ISOMAP algorithm for Nonlinear Dimensionality Reduction

By | June 3, 2023

Step 2 – Compute Geodesic Distances

In Step 2, we compute the shortest path between all pairs of points (i.e., the geodesic distances) using the neighborhood graph created in Step 1. This is known as the all-pairs shortest path problem.

In our graph, each point is connected to its neighbors by edges, and each edge has a weight equal to the Euclidean distance between the points it connects (as per our “weight_matrix”). The shortest path between two points is the path that connects them with the smallest total weight.

For this step, we commonly use an algorithm called Floyd-Warshall algorithm, which iteratively improves an estimate of the shortest path distances. This algorithm works well for this task since it’s designed for graphs with positive weights and can handle the “infinity” weights we assigned to pairs of points that aren’t neighbors.

Let’s illustrate the idea behind the Floyd-Warshall algorithm with a smaller version of our example:

We have 3 data points (nodes): A, B, C. Assume the following Euclidean distances (weights) from Step 1:

dist_matrix = [[0, 1, inf],
               [1, 0, 1],
               [inf, 1, 0]]

The matrix represents the distances: dist(A, B) = 1, dist(B, C) = 1, and A and C aren’t neighbors, so dist(A, C) = inf.

Now, we apply the Floyd-Warshall algorithm, which works as follows:

  1. Initialize the shortest-path distance matrix, shortest_path_matrix, to be equal to the weight matrix, weight_matrix.
  2. For each node k, update shortest_path_matrix[i, j] to be the minimum of shortest_path_matrix[i, j] and shortest_path_matrix[i, k] + shortest_path_matrix[k, j] for all pairs of nodes i and j. This checks if going from i to j via k is shorter than the current shortest path from i to j.

In matrix notation, the update rule is:

shortest_path_matrix = min(shortest_path_matrix, shortest_path_matrix[i, k] + shortest_path_matrix[k, j])

Using this rule, the algorithm computes the shortest path between all pairs of nodes.

Applying this to our 3-node graph:

After initializing with dist_matrix, we get:

shortest_path_matrix = [[0, 1, inf],
                        [1, 0, 1],
                        [inf, 1, 0]]

Next, for node A (k=1), we find no shorter path via A, so the matrix remains unchanged.

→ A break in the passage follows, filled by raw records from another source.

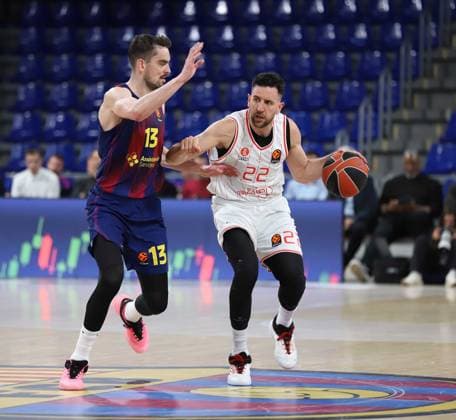 March 13, 2026, Sabadell, Barcelona, Spain: Barcelona Spain 13.03.2026 Tomas Satoransky ( FC Barcelona, Barca and Vasilije Micic (Hapoel Ibi Tel Aviv) battle for the ball during the Basketball Euroleague match between FC Barcelona and Hapoel Ibi Tel Aviv at Palau Blaugrana on13 March 2026 in Barcelona. Basketball Euroleague: FC Barcelona 75-80 Hapoel Ibi Tel Aviv  - ZUMAu50_ 20260313_zsp_u50_019 Copyright: xXavixUrgelesx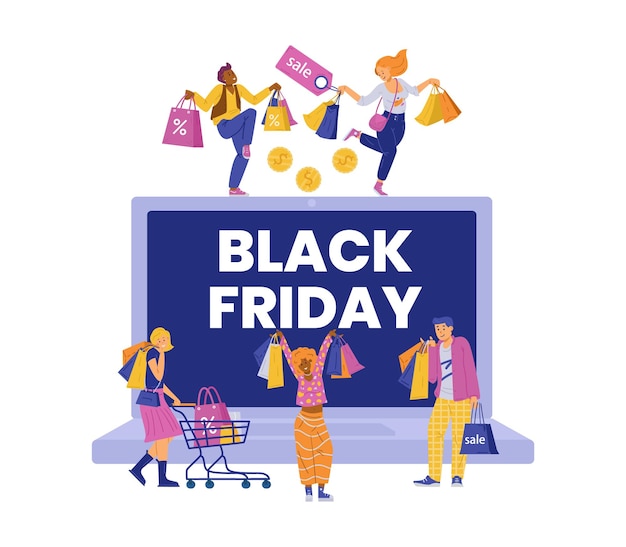 Banner di vendita del black friday con illustrazione vettoriale piatta dei clienti felici isolata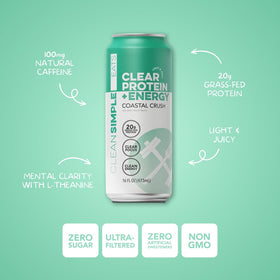 Close-up of Coastal Crush label showing clean ingredients and branding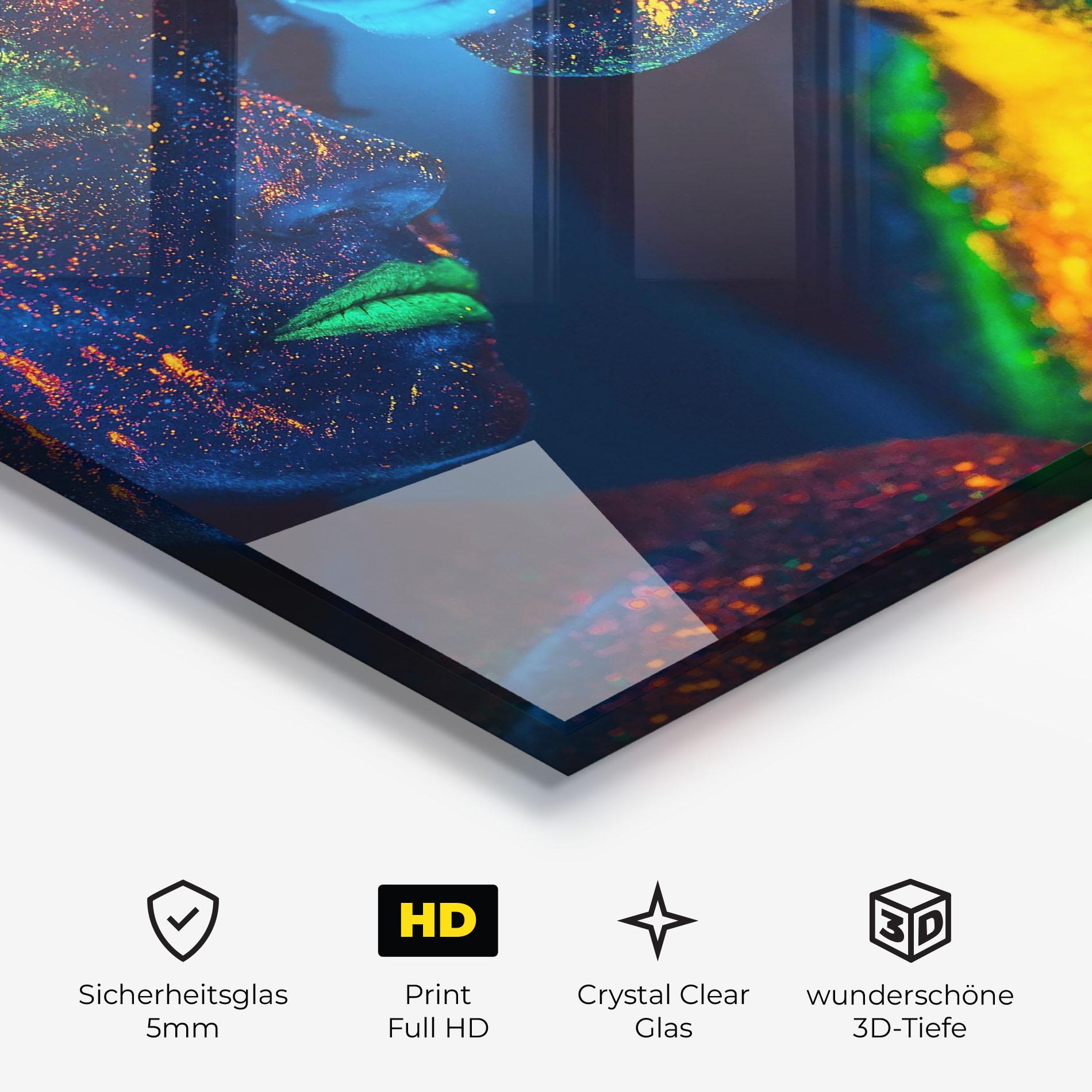 Glasbild Fluorescent Green Lips mockup 3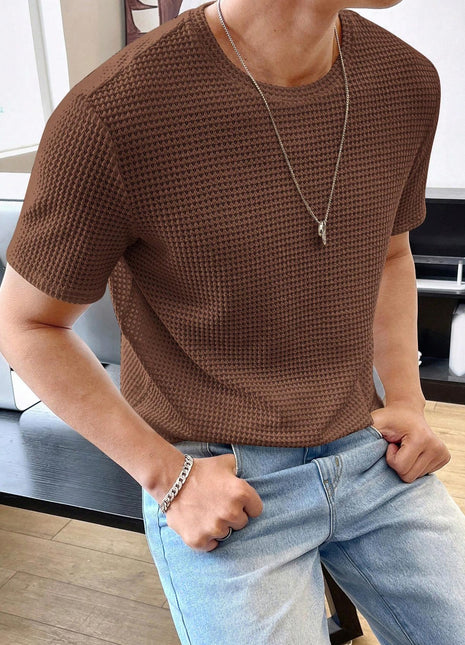 Manga Corta Suelta de Color Liso para Hombre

For node B (k=2), we find that we can reach C from A via B with a cost of 2 (1+1), which is less than the current cost of ‘inf’. Thus, we update shortest_path_matrix[1, 3] and shortest_path_matrix[3, 1] to 2:

shortest_path_matrix = [[0, 1, 2],
                        [1, 0, 1],
                        [2, 1, 0]]

Finally, for node C (k=3), we don’t find any shorter path via C, so the matrix stays the same. Thus, shortest_path_matrix now represents the shortest-path (geodesic) distances between all pairs of nodes.

The interpretation of this is that we can use the paths in the neighborhood graph to “get around” the limitation that we only directly connected each point to its neighbors in Step 1. By taking paths through the graph, we can compute

the distances between all pairs of points as if we had directly connected them all in the first place, which allows us to capture the underlying manifold structure of the data.